9. A fixing assembly according to any one of claims 5 to 8, wherein the first part of the clamp member is a spacer on which the convex surface is defined, the spacer being adjacent to the support structure and held in a position fixed relative thereto.

10. A fixing assembly according to claim 9, wherein the spacer is substantially hemispherical.

11. A fixing assembly according to any one of claims 5 to 10, wherein the second part of the clamp is a connecting member on which a concave surface is defined, the connecting member being connected in use to the building panel.

12. A fixing assembly according to claim 11, wherein the connecting member is frusto-conical with an axial aperture by which it is connected to the stud.

13. A fixing assembly according to any preceding claim, comprising an intermediate washer which in use is pinned to the support structure to prevent slippage of the clamp relative thereto.

14. A fixing assembly according to any one of claims 2 to 13, wherein one end of the second part of the clamp is connected to the stud and the other end connected to a pin to which the building panel is connectable by means of a boss.

15. A fixing assembly according to claim 14, wherein the boss is rotatable on the pin so that limited deflection of the building panel under load is accommodated.

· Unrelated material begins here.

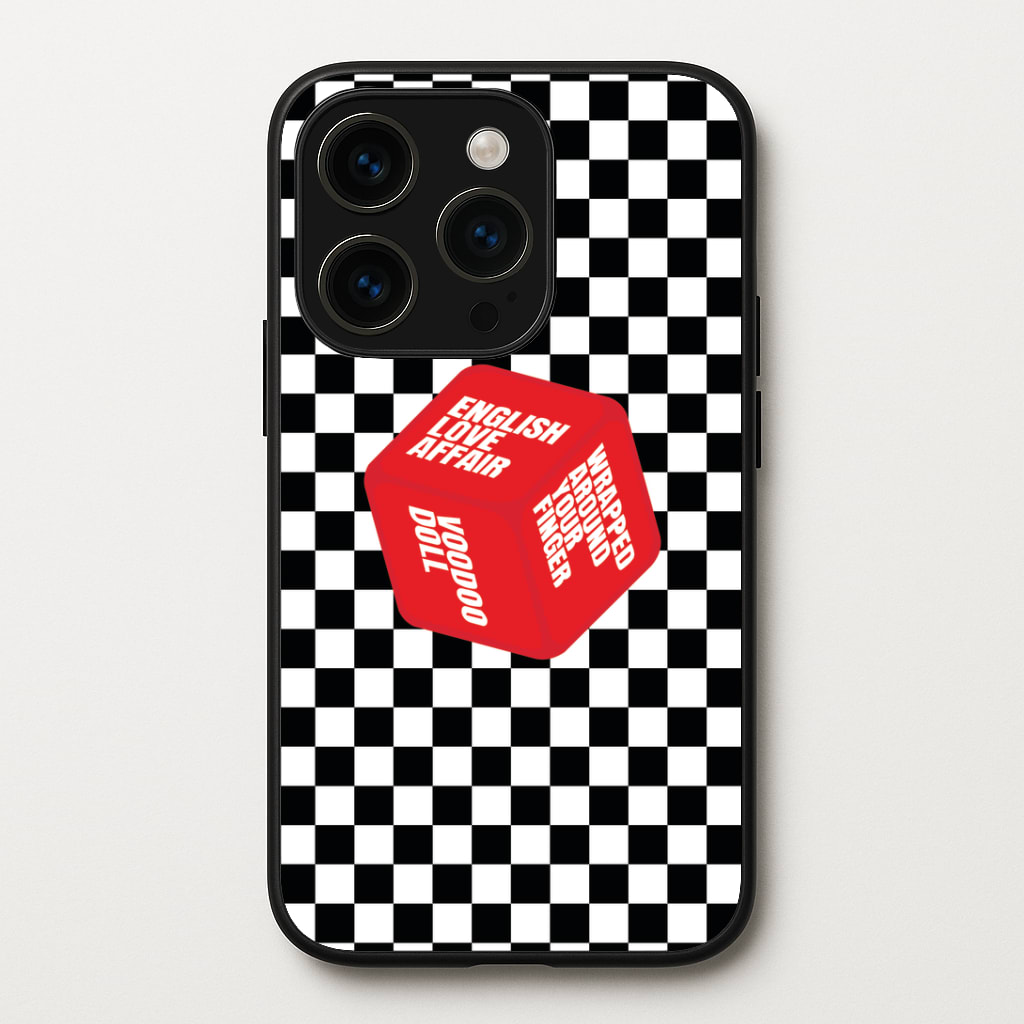 Dice Phone Case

16. A fixing assembly according to any one of claims 2 to 15, wherein the second part of the clamp is threadedly connected to the stud.

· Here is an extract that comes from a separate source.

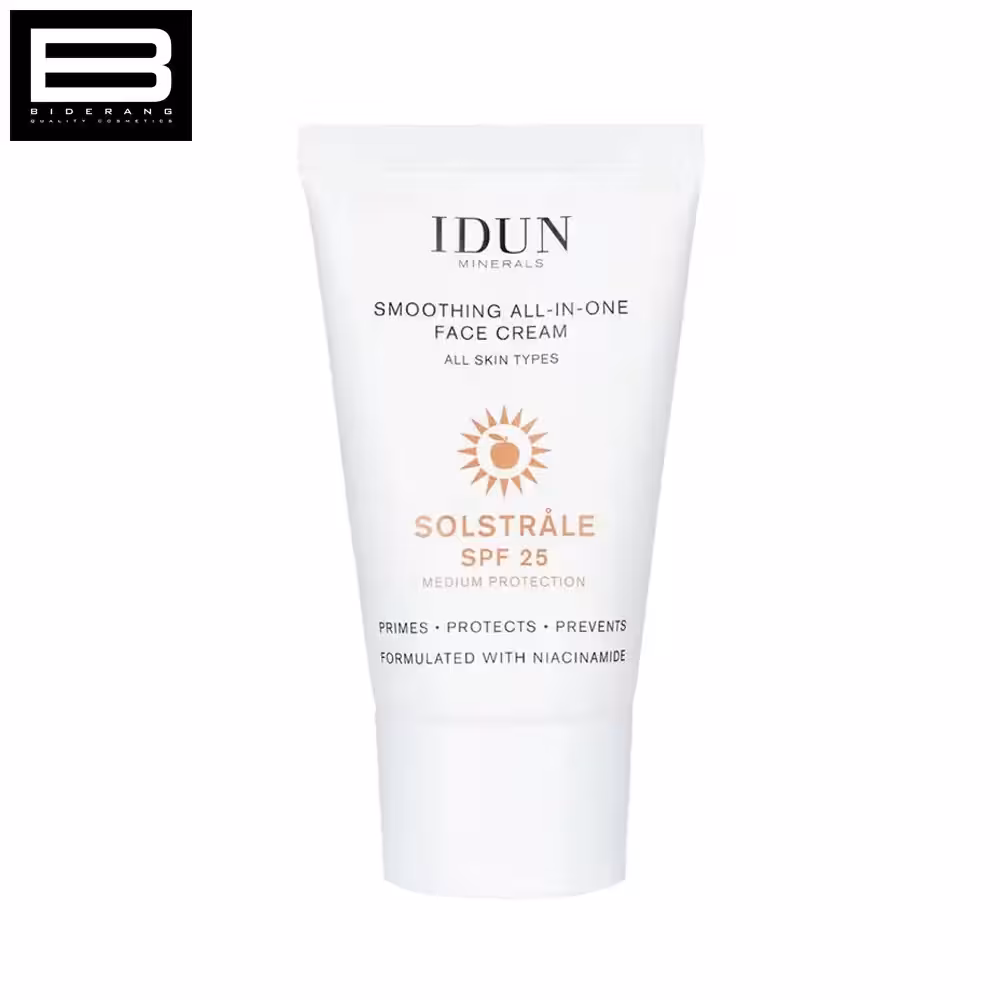 پرایمر ایدون مینرالز SPF 25 حجم 30ml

17. A glazing assembly comprising at least one glass panel connected to a support structure by means of a fixing assembly according to any one of the preceding claims.

18. A glazing assembly claim 17, wherein there are a plurality of glass panels and adjacent panels share a common stud of the fixing assembly, each end of the stud being connected to a respective glass panel.

19. A glazing assembly according to claim 18, wherein the glass panels are connected to the support structure adjacent each panel corner.

20. A glazing assembly according to claim 18 or 19, wherein the glass panels are connected to the support structure adjacent a longitudinal edge.

21. A glazing assembly according to any one of claims 17 to 20, wherein the planar element of the support structure is a lug.

22. A fixing assembly substantially as hereinbefore described with reference to the accompanying drawings.

23. A glazing assembly substantially as hereinbefore described with reference to the accompanying drawings.